SOURCE INFORMATION:
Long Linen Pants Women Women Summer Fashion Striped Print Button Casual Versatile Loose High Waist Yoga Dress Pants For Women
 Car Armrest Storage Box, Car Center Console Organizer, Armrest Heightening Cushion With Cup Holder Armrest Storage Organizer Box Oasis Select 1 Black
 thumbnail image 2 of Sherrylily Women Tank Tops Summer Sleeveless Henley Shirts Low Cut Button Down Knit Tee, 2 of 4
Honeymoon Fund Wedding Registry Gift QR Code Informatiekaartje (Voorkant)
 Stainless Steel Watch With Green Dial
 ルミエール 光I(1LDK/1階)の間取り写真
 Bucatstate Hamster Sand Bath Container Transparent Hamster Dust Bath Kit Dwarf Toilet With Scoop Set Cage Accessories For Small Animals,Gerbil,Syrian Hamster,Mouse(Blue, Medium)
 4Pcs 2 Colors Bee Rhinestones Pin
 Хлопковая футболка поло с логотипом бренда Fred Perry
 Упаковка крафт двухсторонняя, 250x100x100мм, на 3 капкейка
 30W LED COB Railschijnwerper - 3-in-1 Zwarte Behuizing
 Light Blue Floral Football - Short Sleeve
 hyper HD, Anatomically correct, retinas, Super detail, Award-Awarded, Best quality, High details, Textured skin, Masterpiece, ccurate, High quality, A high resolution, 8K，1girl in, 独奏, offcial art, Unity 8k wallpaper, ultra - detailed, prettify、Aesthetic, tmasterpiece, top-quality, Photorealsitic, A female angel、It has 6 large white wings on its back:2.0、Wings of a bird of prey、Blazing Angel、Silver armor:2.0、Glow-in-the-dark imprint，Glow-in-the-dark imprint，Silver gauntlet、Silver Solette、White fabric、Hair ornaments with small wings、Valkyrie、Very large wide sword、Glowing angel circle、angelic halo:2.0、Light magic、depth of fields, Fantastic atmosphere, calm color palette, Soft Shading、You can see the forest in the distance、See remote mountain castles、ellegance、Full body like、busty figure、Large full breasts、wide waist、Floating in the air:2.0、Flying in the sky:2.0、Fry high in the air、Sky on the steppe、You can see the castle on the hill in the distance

TASK GOAL: Go through the listing above and copy each line where the string "Women" appears.

REPLY TO THE EXERCISE:
Long Linen Pants Women Women Summer Fashion Striped Print Button Casual Versatile Loose High Waist Yoga Dress Pants For Women
 thumbnail image 2 of Sherrylily Women Tank Tops Summer Sleeveless Henley Shirts Low Cut Button Down Knit Tee, 2 of 4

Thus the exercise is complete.